BEGIN

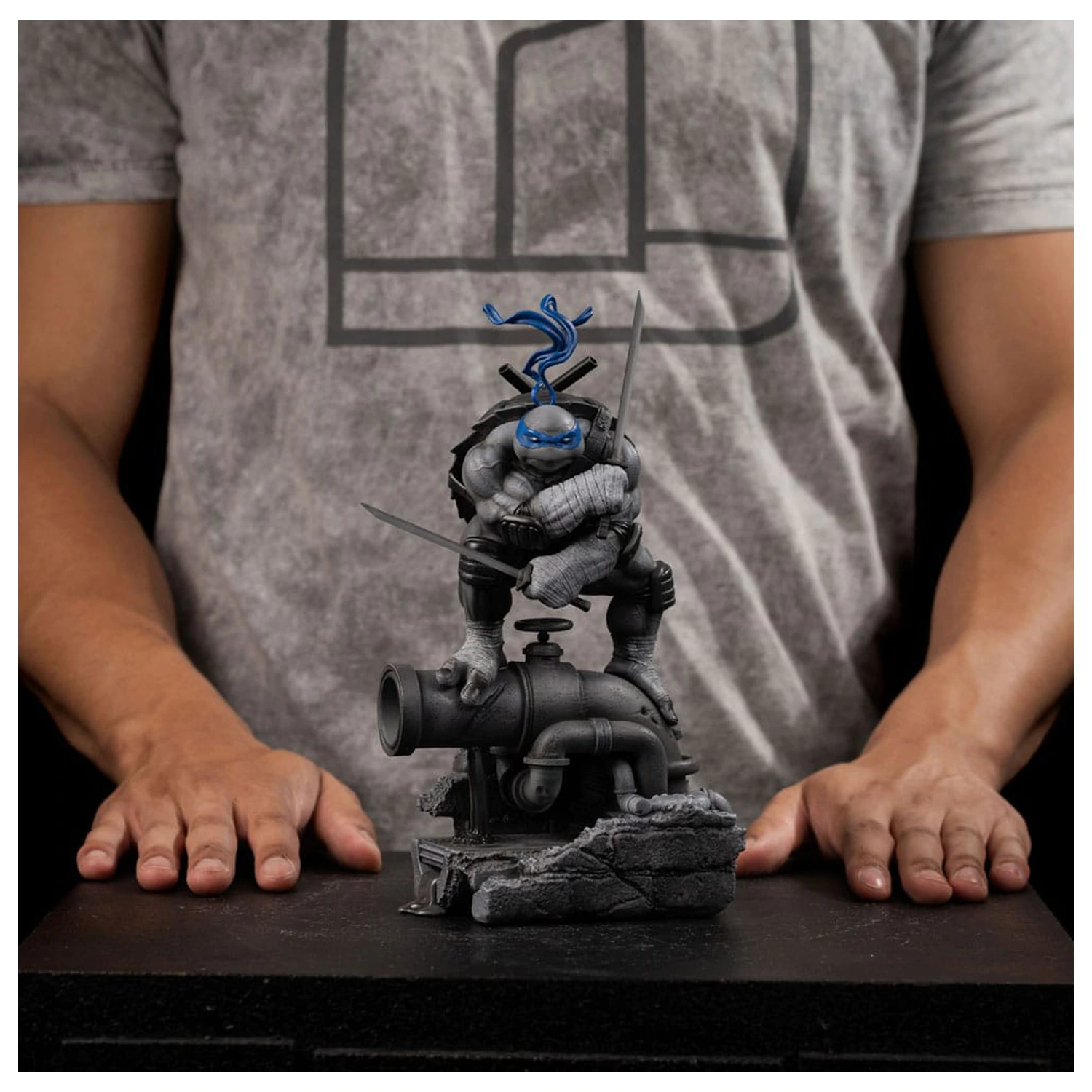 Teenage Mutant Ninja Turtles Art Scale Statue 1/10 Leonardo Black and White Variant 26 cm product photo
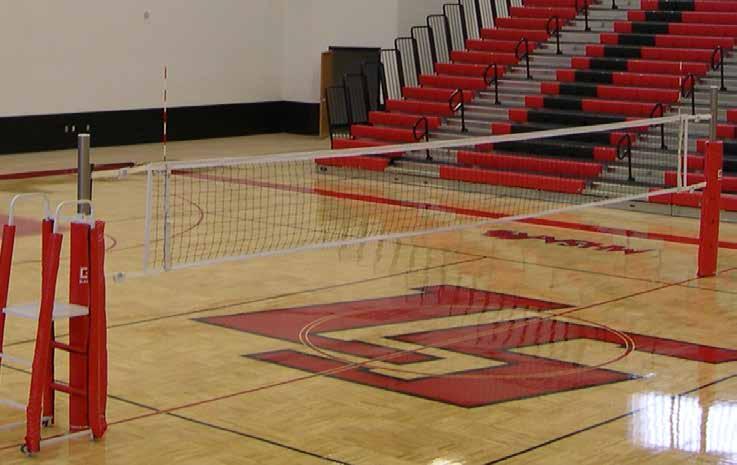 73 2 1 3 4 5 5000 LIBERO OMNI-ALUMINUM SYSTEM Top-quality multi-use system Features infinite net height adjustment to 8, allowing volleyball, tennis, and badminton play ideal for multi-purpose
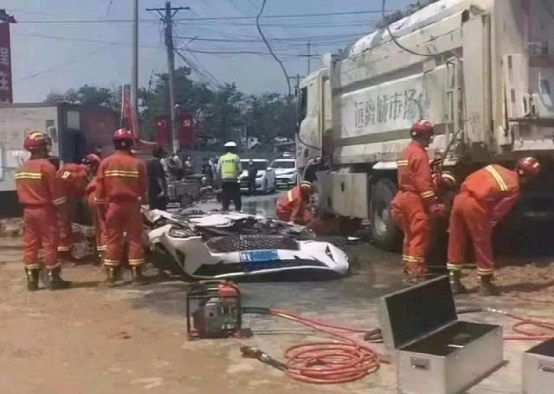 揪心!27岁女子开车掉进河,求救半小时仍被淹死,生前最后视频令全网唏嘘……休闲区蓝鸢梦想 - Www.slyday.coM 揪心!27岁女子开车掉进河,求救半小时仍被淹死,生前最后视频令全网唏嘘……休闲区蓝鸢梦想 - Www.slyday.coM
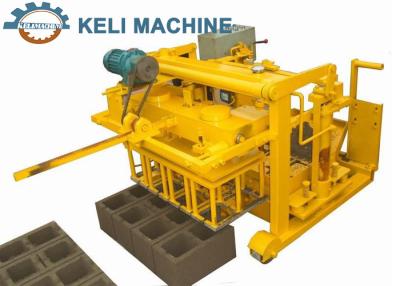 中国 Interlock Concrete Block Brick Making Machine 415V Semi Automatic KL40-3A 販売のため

END
BEGIN

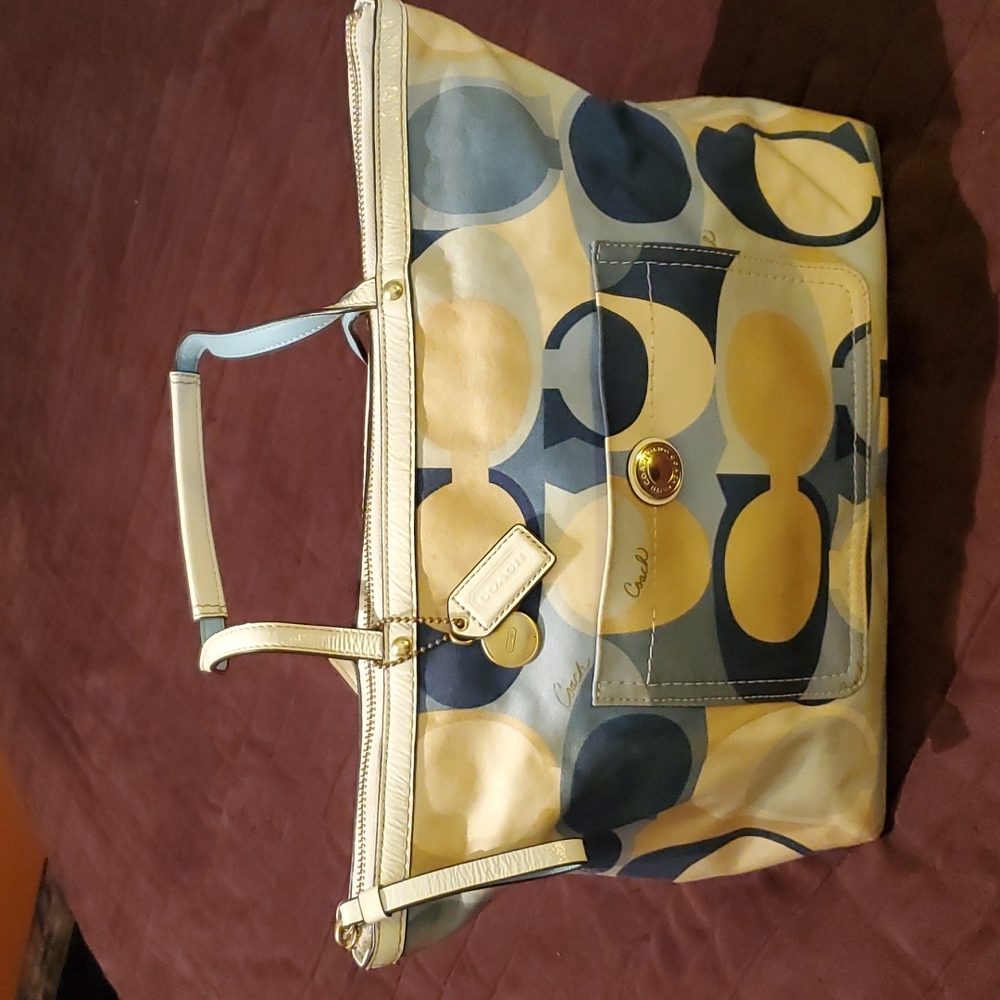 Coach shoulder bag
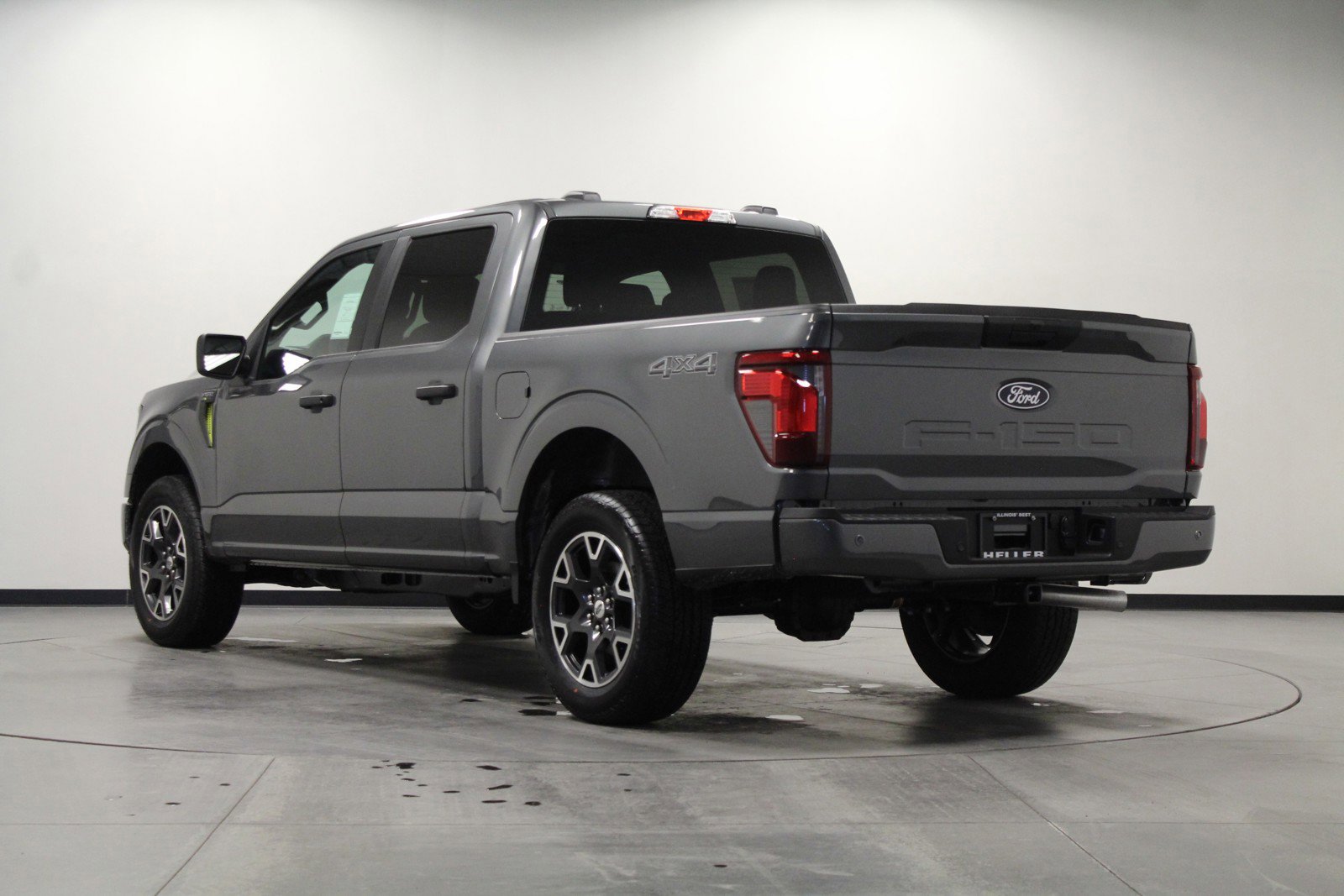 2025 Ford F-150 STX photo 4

END
BEGIN

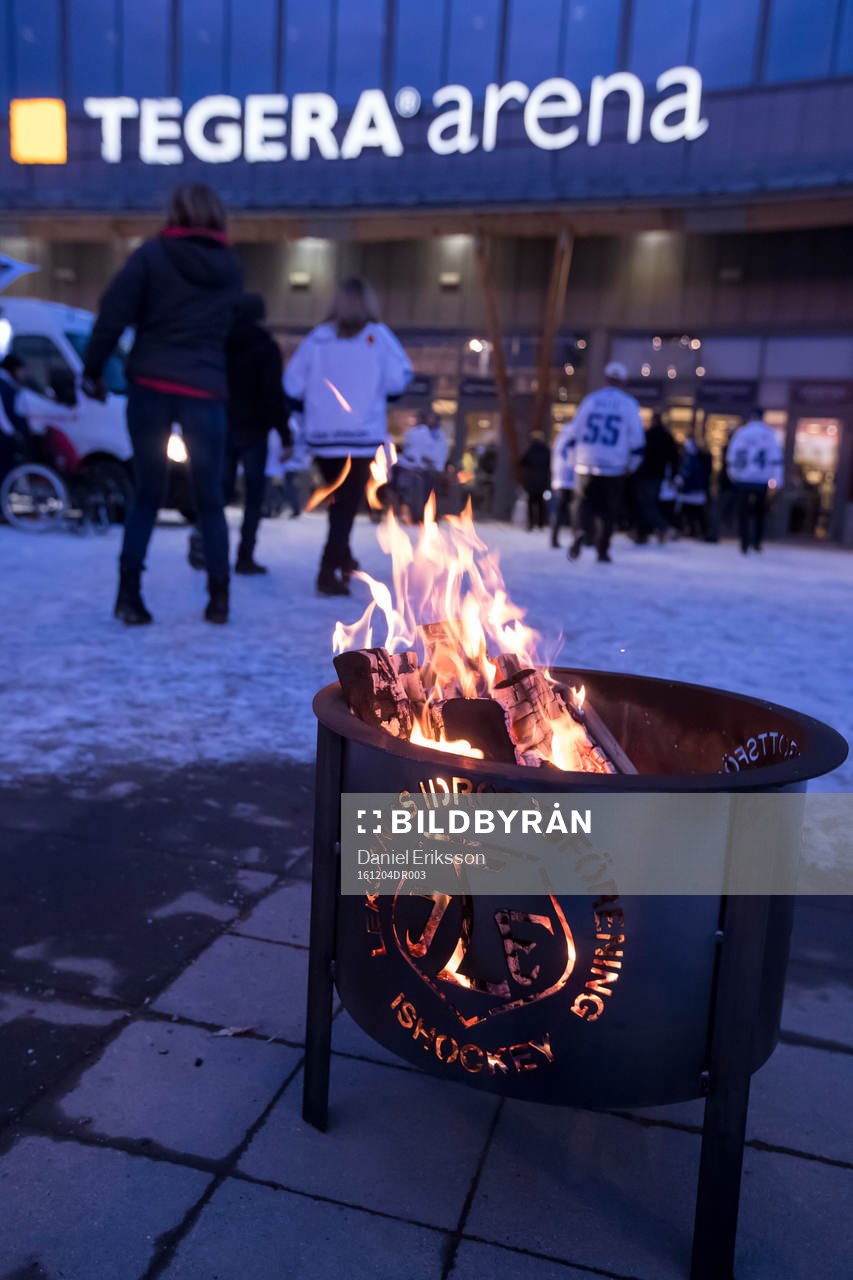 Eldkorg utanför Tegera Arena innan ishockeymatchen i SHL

END

• What is needed
Everything above from the line that has "Teenage Mutant Ninja" down to the line that has "- Www.slyday.coM 揪心!27岁女子开车掉进河,求救半小时仍被淹死,生前最后视频令全网唏嘘……休闲区蓝鸢梦想" should be output exactly, with both of those lines included. Leave the pictures behind.

• Task result
 Teenage Mutant Ninja Turtles Art Scale Statue 1/10 Leonardo Black and White Variant 26 cm product photo
 73 2 1 3 4 5 5000 LIBERO OMNI-ALUMINUM SYSTEM Top-quality multi-use system Features infinite net height adjustment to 8, allowing volleyball, tennis, and badminton play ideal for multi-purpose
 揪心!27岁女子开车掉进河,求救半小时仍被淹死,生前最后视频令全网唏嘘……休闲区蓝鸢梦想 - Www.slyday.coM 揪心!27岁女子开车掉进河,求救半小时仍被淹死,生前最后视频令全网唏嘘……休闲区蓝鸢梦想 - Www.slyday.coM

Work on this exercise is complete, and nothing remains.